Parliament’s youth and sports and constitutional and legislative affairs committees approved a bill last Monday that stipulates harsher penalties for sports team fan associations set up in contravention of the law.
The articles of the draft law, which was proposed by the government in May 2016, primarily target Egypt’s famous Ultras football fan clubs, which have been in frequent confrontation with the state in recent years, a conflict that has seen spectators banned from attending football matches since February 2012, bar few exceptions.
The committees sent the draft law to the house speaker, who will schedule it in the house’s agenda, local news reported.
The punitive measures of the draft law include 13 articles addressing “crimes of disorderly conduct in sports fields.” Among them is Article 88, which states that anyone who “by words either spoken or reproduced in signs, defames or insults a natural or legal person, or incites feelings of hatred or racial discrimination by any means of publicity, during or as a result of a sporting activity” can face “imprisonment for a period not less than one year or a fine or both.” The penalty is doubled if “the previous action is taken against a body or authority securing the sporting activity or the activity’s employees.”
The bill also stipulates that anyone entering or attempting to enter the premises of a sporting activity without having the right to do so will be imprisoned for a period of at least six months, which is doubled if the person is found in possession of fireworks or flammable materials or “any means which could be used to harm others or damage buildings or property.”
The law also criminalizes the establishment of sporting associations in contravention of the statutes of sporting authorities, sanctioned by the law. Anyone who founds an illegal sporting association will be subject to imprisonment for a minimum of three years, a fine or both. “Whoever, in any form, incites rioting among spectators or attacks buildings or property or interrupts a sporting activity in any form” may also face jail time, the duration of which is not defined.
The punitive measures targeting fan associations that included in the most recent draft were not present in the draft law published on the website of the Youth and Sports Ministry in September.
MP Radwan al-Zayyaty, deputy of Parliament’s Youth and Sports Committee, explains that the ministry “prepared the draft and Parliament added a punitive chapter in the bill to address disorder in football matches.” Speaking to Mada Masr, Zayyaty adds that Parliament Speaker Ali Abdel Aal has stated the law will be put to a final vote and sent to the president to issue it soon, and expects it to come into effect by April or May.
The Youth and Sports Committee and the Constitutional and Legislative Affairs Committee approved the bill in a meeting attended by Youth and Sports Minister Khaled Abdel Aziz last February. A report on the bill’s final draft will be presented to the speaker and his two deputies before a date is scheduled for a vote.

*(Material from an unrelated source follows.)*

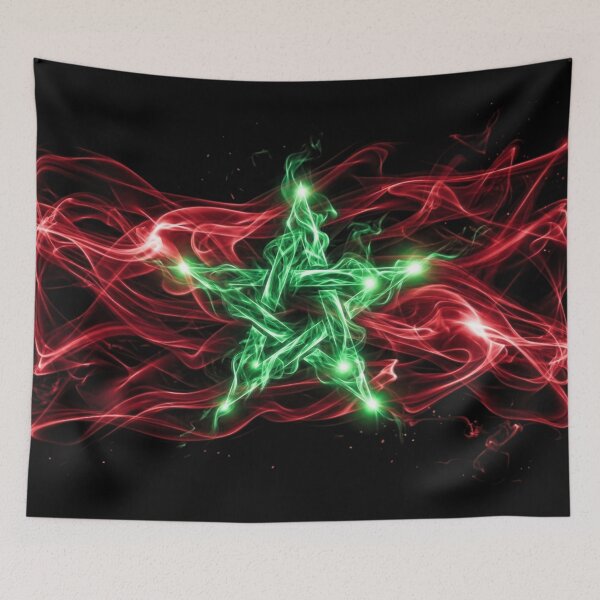 Item preview, Morocco Flag Abstract Energy Smoke Art designed and sold by FUIRY .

Member of the Constitutional and Legislative Committee Ahmed Sharqawy tells Mada Masr that the bill was approved after a five-minute discussion during Monday’s session. He says that despite the speaker’s decision last June to refer the bill to a joint-committee comprising of the Constitutional and Legislative Affairs Committee and the Youth and Sports Committee, only the latter had a chance to discuss the articles of the bill.
Sharqawy tells Mada Masr the shortage of time to discuss the bill was the result of the creation of a sub-committee, of which he was not a part.
The six-member sub-committee, which consisted of three MPs from each of the two committees, revised the Youth and Sports Committee’s amendments and redrafted articles addressing procedures of appeal, penalties and conflict-resolution. Only the Constitutional and Legislative Committee approved the work of the sub-committee, Sharqawy said.
Constitutional and Legislative Committee head Bahaa Abu Shaqqa decided on the formation of the sub-committee on November 1, 2016. Presided over by Hassan Basiouny, it included Mohamed Farag Amer, president of Alexandria’s Semouha Club and head of the Youth and Sports Committee, in addition to Radwan al-Zayyaty and Hamdy al-Sisi, also from that committee, as well as Abdel Moneim al-Eleimy and Gamal Eddin al-Sherif from the constitutional committee. The sub-committee finished on November 9.
Sharqawy calls the bill “a minefield,” explaining that the punitive measures are not proportional to the crimes and need further study.
Conversely, international arbitrator and Youth and Sports Committee member Reda al-Beltagy, MP, commends the bill, saying it will “allow the return of the Egyptian family to the stadium and will attract investments and quicken the pace of resolving sporting conflicts.”
He adds that the sports committee “discussed the articles of the bill and studied them closely over the past six months,” saying that several societal dialogues were conducted and attended by many concerned parties.